The logical thing to assume (you would think) would be that people who overeat enjoy food more than people who don’t, and that’s why they overeat; or that people who max out their credit cards with unnecessary purchases enjoy getting a new pair of shoes a lot more than people who stay within their budgets. Yet when someone does something to excess, it often doesn’t look like they’re enjoying it more–it just looks like they’re more compelled–they want it more, but they don’t like it more.

And in fact, much of the brain chemistry of doing things to excess is the same whether we’re talking about watching too much TV or eating too many doughnuts or drinking too much coffee or shooting heroin: the more we overdo something, the less our brain reacts to dopamine release when we have that thing. Dopamine is a brain chemical that tends to make us feel calm and satisfied, and its normal purpose is to remind us to do things like eat and procreate, because if dopamine levels are low (as when we don’t do things we’ve evolved to want to do), we feel agitated. Doing too much of something makes our brain less receptive to dopamine, which means we require more of that thing to feel comfortable and happy. To someone who doesn’t drink much alcohol, one beer can be very satisfying–but to an alcoholic, one beer is barely noticeable.

There are at least two other reasons that we might want something we don’t like. First, there’s habit: if we do something very regularly, regardless of whether it makes us happy or not, our brains have reinforced the neurons devoted to that activity, and we will feel strongly inclined to keep doing it even if it doesn’t provide us any enjoyment or benefit.

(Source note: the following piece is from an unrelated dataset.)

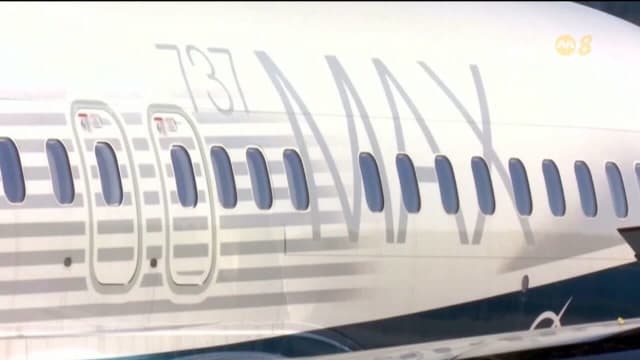 美国联合航空一架客机 机身缺少一块面板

And second, there are the broken ideas I’ve written about here before (more formally called “cognitive distortions”). These are things we tell ourselves that contain some kind of basic flaw. For instance, deciding that someone is a jerk and shouldn’t act toward us as they do can make us act unkindly toward that person, which can contribute to an increasingly aggravating relationship.

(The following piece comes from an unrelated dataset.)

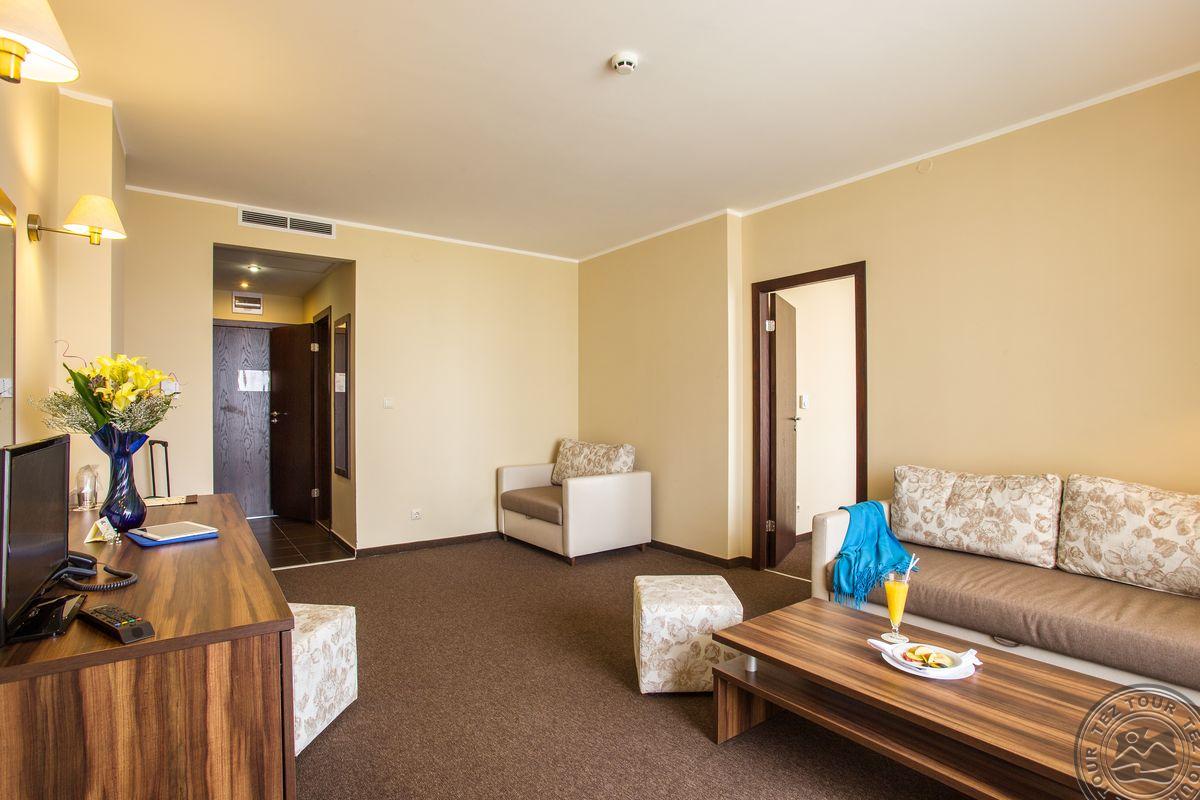 LAGUNA PARK & AQUA CLUB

And what about not wanting things we do like? This is the effect of broken ideas again. For instance, we might have a task in front of us that seems very difficult,and think “There’s no way I can ever finish that, and it would be painful and awful to try”–when in fact, just getting started on the task can begin to relieve stress, and enough determination can get the entire task done, which can then deliver great benefits. Take for example cleaning out a room in the house that has long served as a “junk room.” Avoiding the junk room can be a continuing source of low-level stress, while getting it cleaned out can be very rewarding (especially after turning it into that home knitting studio we’ve been dreaming of having). Yet do we say to ourselves “Wow, I’m really excited to get that junk room cleaned out”? Not usually.


the junk room: shouldn't this be the kind of thing we can't wait to tackle?

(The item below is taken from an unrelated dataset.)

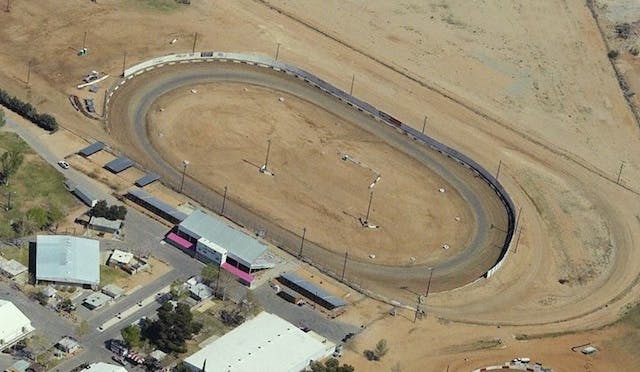 The Route 66 Motorplex at Victorville was the scene. On March 16th, the URA open wheel series were conducting their debut race.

Given these insights, that wanting and liking are not always in step with each other, what do we do about it? The simple answer is that we’re happier when we 1) question our wants and 2) remind ourselves of what actually makes us happy.  If an incident with a coworker makes you want to march into that person’s office and deliver a scathing review of their personal failings, it can be useful to think about whether you’ll really be happy doing that, or might ultimately be happier if you decide to calmly explaining what you didn’t like about the incident (maybe after a suitable cooling-off period). If you’re staring at a menu and feel inexorably drawn toward the buttered onion rings with fat sauce, it may be worth thinking about whether the minute or two that you are really enjoying those onion rings (after the first few bites, our enjoyment of food sometimes drops considerably) is going to be worth the over-full, sleepy feeling you’ll get soon after you eat them and the quarter pound heavier you’ll be as a result. Putting things in this kind of perspective can make doing things you’ll actually like much easier, bringing wanting and liking more in line.